A Grocery List to End All Grocery Lists

a list of groceries in Chinese, via wiki.prov.vic.gov.au
Lotus root (img: John Vena Produce)
Sweet Osmanthus Wine (img: Yoycart)
Pork belly (img: Highland Farms)

From pp. 85-86 of Jia Pingwa's novel Ruined City (trans. Howard Goldblatt):
Niu Yueqing did not return that afternoon and was still out at nightfall. Around ten, someone came to the compound with a message: Old Mrs. Wang had insisted that she stay the night to play mahjong, so she was returning the favor by inviting Old Mrs. Wang and Wang Simian's wife over the following day. They had both accepted the invitation.

"Am I expected to do the grocery shopping tomorrow morning?" Zhuang asked.

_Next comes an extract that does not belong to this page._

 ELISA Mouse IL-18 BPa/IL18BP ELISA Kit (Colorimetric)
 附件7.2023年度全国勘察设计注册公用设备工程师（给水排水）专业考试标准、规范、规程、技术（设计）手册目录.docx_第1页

"That's what she said." The man handed him a shopping list.
Zhuang read the list: two catties* of pork, one cattle of spare ribs, a carp, a tortoise, half a cattie of squid, half a cattie of sea cucumber, three catties of lotus roots, two catties of chives, one cattle of bean pods, one cattle of cowpeas**, two catties of tomatoes, two catties of eggplant, two catties of fresh mushrooms, three catties of thick osmanthus*** liquor, seven bottle of Sprite, three catties of tofu, a half cattie each of some Korean side dishes, two catties of mutton, one cattie of cured beef, five preserved eggs, one roasted chicken, one roasted duck, half a cattie each of cooked pork liver, pork belly, and smoked sausage. Also, he needed to bring from the Shuangren fu house a bottle of Wuliangye****, ten bottles of beer, a pack of peanuts, dried mushrooms and wood ear, a bowl of sticky rice, a sack of red dates, and a handful of rice noodles. In addition, he had to buy a can of peas, an can of bamboo shoots, a can of cherries, a cattle of sausage, two catties of cucumbers, one ounce of thin seaweed, and three ounces of lotus seeds. 
"What a pain," Zhuang said.
Jia Pingwa at work, via mychinesebooks.com
* Chinese measure of weight equal to approximately 500 grams, or slightly more than one pound
** otherwise known as "black-eyed beans"
*** sweet, flowering olive tree, also known as "devilwood"
**** literally "Five Grains Liquid," according to Wikipedia, made from millet, maize glutinous rice, long-grain rice, and wheat using a formula created in the Ming dynasty (1368-1644 CE)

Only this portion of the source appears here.